The fact of landmines poses crucial challenges for the storyteller, the producer of narrative plots, who must get his/her characters across settings, from one place to another. The very terrain, the setting, is already littered with those “explosive remnants of war,” the “unexploded ordnance” that mutilates the physical integrity of the character and dismembers the psycho-social relationships that connect characters to their setting. Nearly 20,000 people worldwide are killed by landmines every year. A ten-year-old amputee, a young girl like Sofia for example, if she survives another 40 to 50 years, will need 25 artificial limbs in the course of her lifetime. While the International Campaign to Ban Landmines (icbl.org) was awarded the Nobel Peace Price in 1997, the United States – along with 64 other countries – has refused to sign the 1997 Mine Ban Treaty. And so, when Sofia and Maria left the path, Maria lost her life, and Sofia lost both her sister and her legs. The resounding blast brought the villagers rushing to the site. Maria was not to be saved, but Sofia was placed on a stretcher: “As they lifted her up, her left foot came loose and remained lying on the path” (Secrets 60). In the end, the limb would be buried alongside Maria, while Sofia acquires two artificial legs – her new “best friends,” who she names Kukula (short) and Xitsongo (long) (Secrets 99). When the ground had exploded beneath her, Sofia, who had strayed from the path that she had been told to keep to, must determine new coordinates that will re-orient her in her fraught world.
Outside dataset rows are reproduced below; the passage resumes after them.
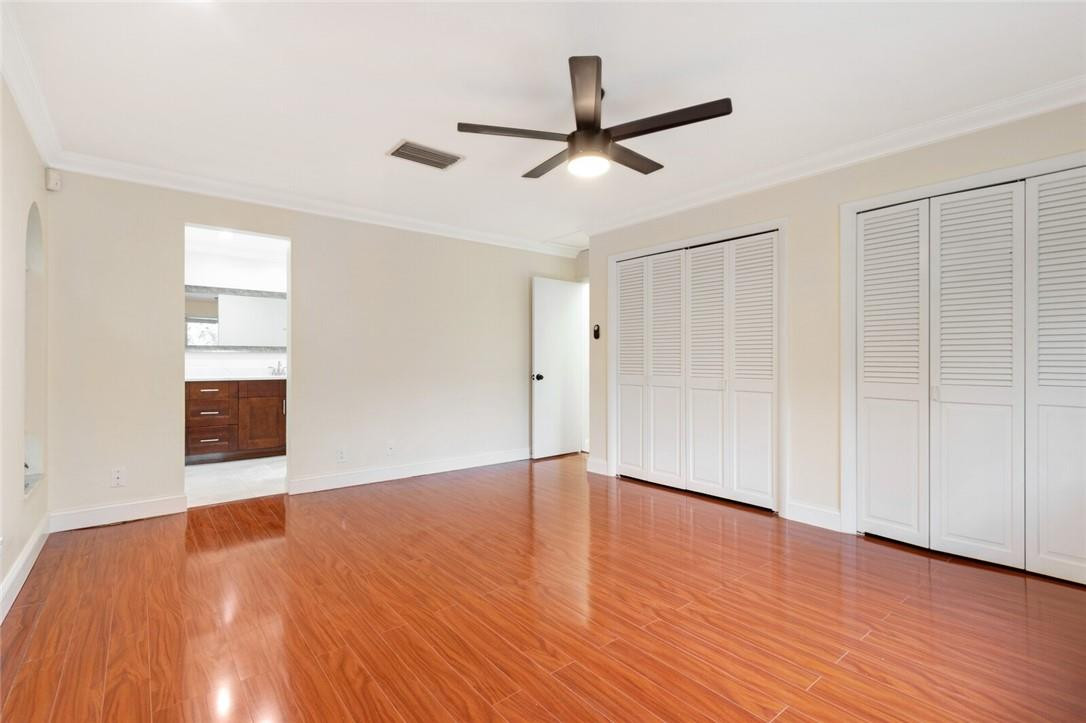 3420 Spring Bluff Place, Unit 39 Lauderhill, FL 33319 - Photo 18 of 32 a view of an empty room with wooden floor and a ceiling fan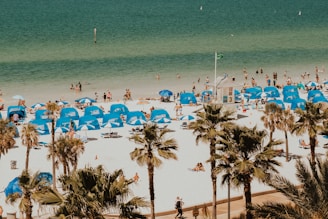 blue and white tents in beach with people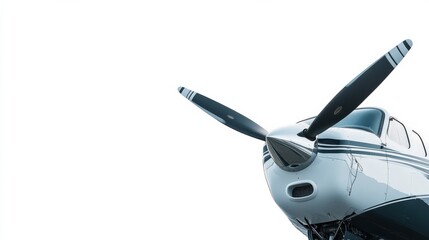 Close-up view of a sleek airplane propeller against a bright white background, showcasing aviation design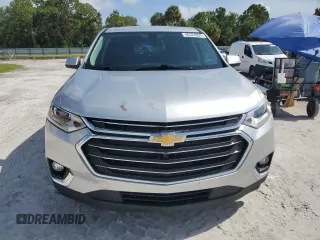 2019 Chevrolet Traverse LT Cloth z VIN 1GNERGKW8KJ320242, wystawiony jako Copart lot #60324095 z przebiegiem 103 680 mil mil oraz Szkoda całkowita • Salvage title. Historia ofert i sprzedaży dostępna na DreamBid. Obrazek 5.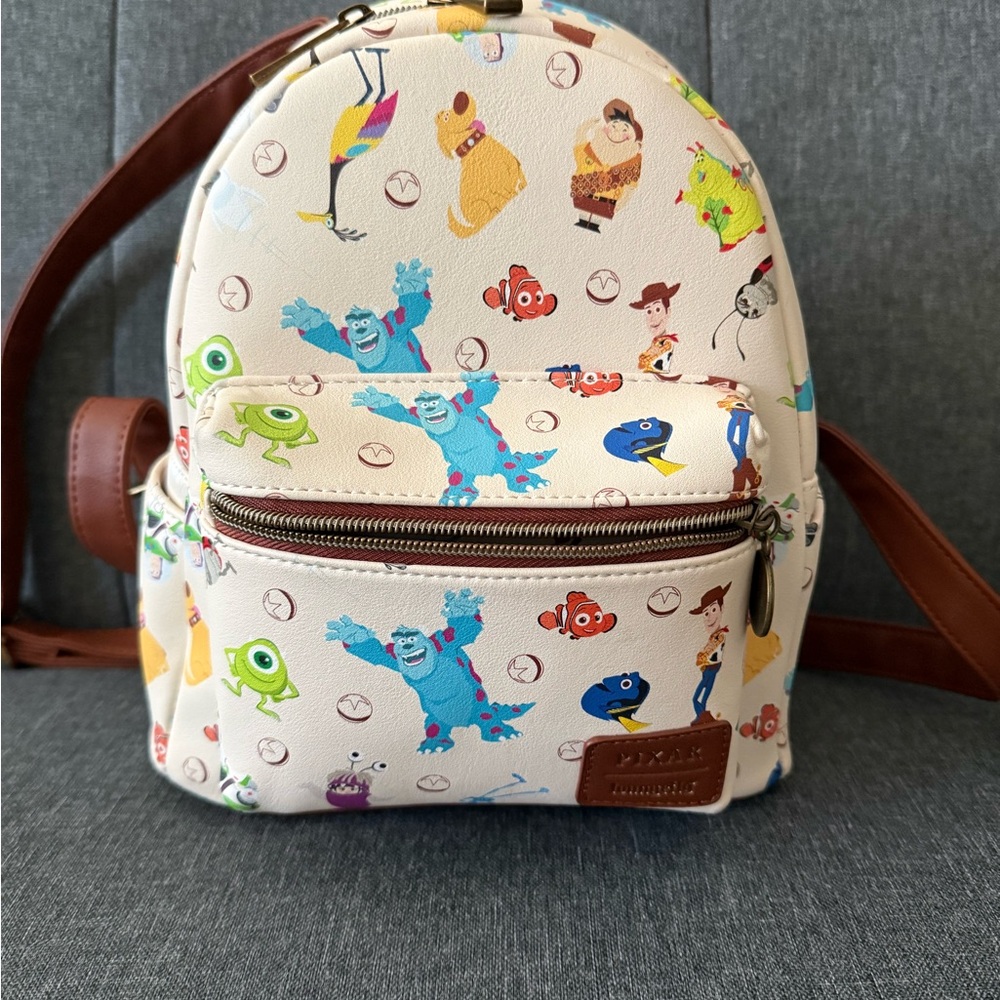 Loungefly Cream Pixar Character Mini Backpack with Colorful Print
Having earlier fled her native village with her mother and siblings, including Maria, when “bandits” had attacked the households and murdered her father, she must now relocate herself once again in changed surroundings. En route to their new lease on life, the family had met an old woman, who explained to Mama Lydia that the “city is far away, so that people like you and me and your children can’t get there. My legs are old and aching, your children’s legs are too short and young. None of us have legs made to walk to the city” (Secrets 21). With her new legs, however, the prostheses that she receives from Doctor Raul at the hospital in the city, Sofia learns to negotiate the distance between the rural and the urban. Sofia’s story, that is, as introduced in Secrets in the Fire, is a tale of both devastation and development.

 

By the time of Playing with Fire, Sofia has acquired another older sister, Rosa, and is aspiring to complete her schooling with the ambition of becoming a medical doctor. Her path seems clear now, but if the landmines that still litter Mozambique no longer hold the same threat for her, the HIV/Aids pandemic raises still another challenge. As Jo Revill writes in her review of Apocalypse: The Truth About Aids, “If Aids is about anything, it is about growing up too soon” (Observer, 1 February 2004). Indeed, as Alex de Waal has pointed out, “the curtailment of life expectancy [due to HIV/Aids] that we are witnessing in southern Africa may cause a reversal of historic processes of development” (de Waal 2). Sofia’s story is at once a classic coming-of-age tale and a disaster-ridden, thwarted narrative of progress. “Sofia often despaired.” 

 

At times it seemed impossible that anyone should actually care for her like that. She, who had no legs and would never run or dance.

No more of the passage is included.